Im Gretzl kocht Paul mit einem Team, das seine Philosophie teilt. Produzent:innen aus der Region bringen ihre Produkte oft persönlich vorbei – und bleiben manchmal auch auf einen Kaffee zum Tratschen. Die meisten von ihnen sind bio-zertifiziert, andere so kleinstrukturiert, dass eine Zertifizierung für sie keinen Sinn macht. Etwa der Fassadenmaler, der nebenbei auch Fischer ist – und Paul kurzerhand einen zehn Kilo schweren Wels aus der Donau bringt. Die allermeisten kennt Paul ohnehin persönlich: „Ich werde immer den bevorzugen, der hereinkommt – gegenüber dem, den ich nur vom Papier kenne. Man merkt einfach, ob jemand authentisch ist, wie er oder sie arbeitet, wie er oder sie denkt.“ Trotz aller Begeisterung für die Produkte der Region mag er auf eines nicht verzichten: Zitrusfrüchte. „Ich mag sie einfach.“

Bei so viel Direktbezug ist die Gemüsebestellung mitunter komplex – „wie ein sehr kleinteiliges Mosaik“, geschmacklich lohnend, aber auch ökonomisch herausfordernd: „Gerade beim Feingemüse kosten die besten Produkte oft das Drei- bis Vierfache. Und wir arbeiten viel in Mikrosaisonen, die jedes Jahr anders sind – und somit kaum planbar.“ Vera Dickbauer von Grünbunt und Kim Schmied vom Beerenberg sind für ihn Beispiele für Produzentinnen, die geschmacklich außergewöhnlich arbeiten. Auch Katharina und Martin Sageder sowie Josef Wiesinger von Lomo Alto beeindrucken ihn: „Sie sind selbst Hedonisten – und man schmeckt, dass ihre Produkte von Genießern für Genießer gemacht sind. Und dass sie über den eigenen Tellerrand schauen und ihren Qualitätsanspruch auch international messen.“

Auch Fairness ist für Paul ein zentrales Thema in der Gastronomie – und sie betrifft alle: das Team, die Produzent:innen, die Gäste. Zwischen ihnen allen, sagt er, müsse ein grundlegender Sinn für Gerechtigkeit herrschen. „Die Gastronomie ist der perfekte Mittelsmann, um genau diese Gerechtigkeit zu vermitteln – und Werte weiterzugeben“, sagt Paul.

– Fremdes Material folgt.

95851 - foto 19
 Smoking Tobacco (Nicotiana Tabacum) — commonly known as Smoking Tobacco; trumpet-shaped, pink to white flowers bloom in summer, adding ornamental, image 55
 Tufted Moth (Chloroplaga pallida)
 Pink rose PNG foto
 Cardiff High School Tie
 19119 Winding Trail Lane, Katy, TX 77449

Im Gretzl zeigt sich, dass hohe Produktqualität und faire Preise kein Widerspruch sind. „Meine Chefs sind sehr sozial eingestellt. Sie fahren mit dem Elektrorad statt mit dem Porsche – und investieren lieber in gute Grundprodukte und faire Arbeitsbedingungen für die Mitarbeiter:innen.“ Diese Haltung an die Gäste weiterzugeben, ist ihm wichtig. „Ich bin überzeugt, dass viele unsere hochwertigen Zutaten schon am Geschmack erkennen – vor allem beim Fleisch.“

Er kocht saisonal, regional – aber nicht dogmatisch. Wirtshausklassiker liebt er, interpretiert sie aber gern neu. „Ich versuche, so exotisch wie möglich im regionalen Rahmen zu kochen. Warum also nicht eine klassische Rindsuppe als Ramen interpretieren?“ Seine Handschrift? „Ich bin nicht schüchtern beim Würzen“, sagt er. Eine Maxime, die er von Heinz Mraz, dem Vater von Markus Mraz, übernommen hat: „Nur nicht sparen mit den guten Sachen.“

Saucen und Jus sind Pauls Leidenschaft. Für ihn sind sie zugleich der Schlüssel zu einer ökonomischen Küche – weil sie es ermöglichen, hochwertige Grundprodukte ganzheitlich zu verwerten: „Wenn du gute Fonds selbst gemacht hast, kannst du ganz anders kochen – und deine Gerichte auf ein völlig anderes Niveau heben.“

Seine veganen Mayonnaisen sind eine Spezialität – oder, wie er sagt: „meine Signature Condiments“. Dabei begeistert ihn vor allem Fett als Geschmacksträger. Und: „Vegane Haschee- oder Grammelknödel mache ich manchmal aus Lust am Quertreiben – weil die Leute oft gar nicht merken, dass sie vegan sind.“

Was für ihn Handwerk bedeutet? „Handwerk in der Küche muss nicht immer etwas Kunstvolles sein – auch etwas Alltägliches wie Fisolenputzen gehört dazu.“ Letzte Woche hat er eine ganze Kiste geputzt, für ein Kindheitsgericht: Rahmfisolen. „Von meiner Mama schmecken sie immer noch besser. Das ist eines dieser Gerichte, bei denen die Kunst darin besteht, nicht mehr dazuzugeben als unbedingt notwendig.“ Auch Erdäpfel kauft er nicht geschält und vorgekocht, sondern kocht sie in der Schale und schält sie erst danach. Den Unterschied schmeckt man, ist er überzeugt. Brot – für Paul der Inbegriff von Handwerk – bäckt er mehrmals pro Woche selbst.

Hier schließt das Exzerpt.